And it would have been cool for the fans to be able to see them, too. But that was too much for the NHL. The Devils game was only broadcast on the radio, and the Islanders game was streamed on the Flyers' website with no game sounds and an announcer who couldn't see what was happening on the ice.
So, that part was not great. But Sons of Penn did a solid job translating the highlights to GIF form, and Micah McCurdy somehow got advanced stats charts for both games. Let's dive in.
Flyers (0) vs. Islanders (3)
I tried to watch this stream, but the combination of poor video quality and terrible announcing made it tough. I don't blame it on the Flyers, or on the announcer, because this was his setup last night:
It was always going to be shitty.
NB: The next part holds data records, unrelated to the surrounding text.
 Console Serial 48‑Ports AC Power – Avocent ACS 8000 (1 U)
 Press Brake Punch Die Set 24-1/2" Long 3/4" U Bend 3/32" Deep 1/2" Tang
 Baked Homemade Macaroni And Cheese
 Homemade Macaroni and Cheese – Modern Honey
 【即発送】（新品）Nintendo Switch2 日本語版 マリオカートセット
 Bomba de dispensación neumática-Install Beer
But my man Brian powered through, and here's what we were able to see (kind of):This is literally my vantage point tonight, so I apologize for any lack of descriptive terms pic.twitter.com/v9kf6ZG6iV— Brian Smith (@BSmithFlyers) September 26, 2016
- With the exception of late in the second and third periods, Anthony Stolarz was shelled. He gave up two goals. But, in a game that allowed for very little team practice beforehand and featured just two NHL-veteran Flyers (Michael Del Zotto and Nick Cousins), there were flashes of brilliance from Stolarz. However, he was very much outshined by the goalie in the other game (more on him later).
- Nick Cousins got into two fights, and neither of them was as entertaining as Tyrell Goulbourne's fight last week.
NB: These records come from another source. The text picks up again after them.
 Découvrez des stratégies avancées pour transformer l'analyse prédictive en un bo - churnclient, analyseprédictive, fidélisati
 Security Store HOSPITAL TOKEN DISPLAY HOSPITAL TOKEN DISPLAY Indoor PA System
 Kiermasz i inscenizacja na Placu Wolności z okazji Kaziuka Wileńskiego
- The big names on the Islanders roster last night were prospects Mathew Barzal, Michael Dal Colle, Ryan Strome, and Joshua Ho-Sang. All four of them had at least one point, and Barzal was the only one of the four to not score a goal. We've known the future is bright for the Islanders, but it's scary to see it happen.
- In this game, they split time between defensemen pretty evenly. The two guys to watch were Sam Morin and Travis Sanheim, obviously. They both played about 20 minutes total (Sanheim had some powerplay time and Morin killed at least one penalty). Morin, whether it's in training camp or in a game situation, clearly needs more time to stew. He's going to be an absolute animal, but his puck skills and decision making need to develop naturally. Sanheim is supposed to be the guy that already has those skills, but I was a little nervous about how he looked. Granted, it was tough to follow, but the few times I noticed #57 he was doing things that were bad.
Flyers (0) vs. Devils (2)
- We'll start with the easiest analysis of this game. Carter Hart, by all accounts, was absolutely fantastic. He gave up one goal (the second was an empty netter). Keep in mind that this Devils lineup was made up of more than half of their actual NHL roster (Bennett, Cammalleri, Gazdic, Josefson, Kalinin, Zacha, Zajac, Greene, Lovejoy, Severson). Hart outplayed Stolarz against superior competition, and even though it's just one game it's a great sign for the goalie battle in Lehigh Valley*.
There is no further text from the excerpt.